/fp:strict vs /fp:precise or source - Page 2

lklawrie · ‎03-04-2009

I have a set of code that calculates the volume of a polyhedron based on vertices of the space.
With fp:precise or source in V11 compiler I get incorrect values. I believe these were correct in earlier versions of the compiler.
I still get correct results with /fp:strict.

I believe when I went to the 11 compiler I just changed "compilers" -- no change in settings.

Should I report this one?

Linda

Steven_L_Intel1 · ‎03-27-2009

It was certainly never your imagination! I looked to see if it is fixed in the next 11.0 update, but it is not - sorry. You do have a workaround until 11.1 is available.

a_leonard · ‎06-19-2009

I noticed something as I was trying to track down some differences in results of two models that I expected to be exactly the same. I was wondering if it was related to the problem reported in this thread.

To find out from where the difference in my results was coming, I started printing values of intermediate results using hexidecimal edit descriptors. The first time I see any difference at all in the two models is after the following code segment.

[plain]      AB(k) = 0.
      ZZ(k) = 0.
      do 546 i=1,i1
        AB(k) = AB(k) + AA(i,n)
        ZZ(k) = ZZ(k) + Z(i,n)
  546 enddo
      write(6,'(A,/4(8Z20/))') 'AA: ',(AA(i,n), i=1,i1)
      write(6,'(A,/4(8Z20/))') 'AB: ', AB(k)
[/plain]

The elements of the array AA that I print are all exactly the same, but AB(k) differs in the last bit or two.

Model 1:

AA:
3F87010CC22C0E5B 3C739983AEEF67E9 3C739983AEEF67E9 3C739983AEEF67E9
3C739983AEEF67E9 3C739983AEEF67E9 3C739983AEEF67E9 3C739983AEEF67E9
3C739983AEEF67E9 3C739983AEEF67E9 3C739983AEEF67E9 3C739983AEEF67E9
3C739983AEEF67E9 3C739983AEEF67E9 3C739983AEEF67E9 3C739983AEEF67E9

AB:
3F87010CC22C0EF0

Model 2:

AA:
3F87010CC22C0E5B 3C739983AEEF67E9 3C739983AEEF67E9 3C739983AEEF67E9
3C739983AEEF67E9 3C739983AEEF67E9 3C739983AEEF67E9 3C739983AEEF67E9
3C739983AEEF67E9 3C739983AEEF67E9 3C739983AEEF67E9 3C739983AEEF67E9
3C739983AEEF67E9 3C739983AEEF67E9 3C739983AEEF67E9 3C739983AEEF67E9

AB:
3F87010CC22C0EEE

When I use the compiler option /arch:IA32 for the file containing the above code fragment, the results of the two models are exactly the same, but different from above.

AB:
3F87010CC22C0EF1

I know the differences above are almost insignificant, but I don't want to spend time chasing my tail there is some compiler bug. Somehow the same executable is giving me different results when adding the same numbers. It seems to me that the only way that happens is if the terms are added together in a different order. Putting a print statement inside the loop must do something to the optimization, because then the results are identical.

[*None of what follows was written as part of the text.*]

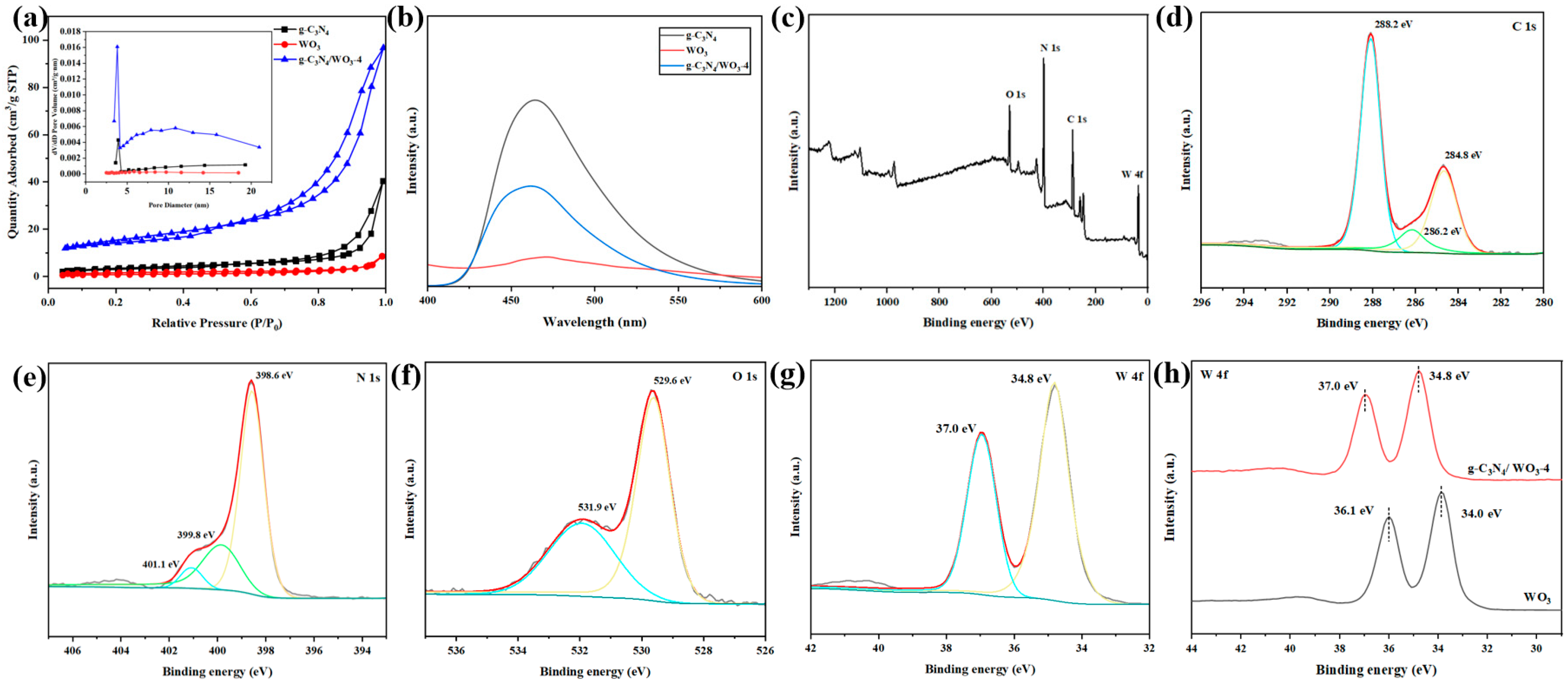 Nanomaterials 15 00410 g003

Any idea when 11.1 will be released?

Steven_L_Intel1 · ‎06-19-2009

I see no evidence of a compiler bug. I do see evidence of a program that depends on extra precision above and beyond what is declared for the datatypes.

11.1 will be out next week.

TimP · ‎06-19-2009

Quoting - a.leonard

[plain]      AB(k) = 0.
      ZZ(k) = 0.
      do 546 i=1,i1
        AB(k) = AB(k) + AA(i,n)
        ZZ(k) = ZZ(k) + Z(i,n)
  546 enddo

[/plain]

Any of the options /arch:IA32 /fp:strict /fp:source /fp:precise /O1 should suppress sum reduction vectorization in that loop, and should give the same results, if all the operands are double precision. The default option to optimize with batched sums usually would give slightly more accurate results, as well as much greater performance. Unfortunately, the order of additions with this optimization will depend somewhat on alignments, which may vary on 32-bit Windows, depending on how you allocated the arrays.

a_leonard · ‎06-19-2009

Quoting - tim18

Any of the options /arch:IA32 /fp:strict /fp:source /fp:precise /O1 should suppress sum reduction vectorization in that loop, and should give the same results, if all the operands are double precision. The default option to optimize with batched sums usually would give slightly more accurate results, as well as much greater performance. Unfortunately, the order of additions with this optimization will depend somewhat on alignments, which may vary on 32-bit Windows, depending on how you allocated the arrays.

That't what I needed to know. One of my models allocates some exta memory, so the arrays I'm looking at must end up being aligned differently.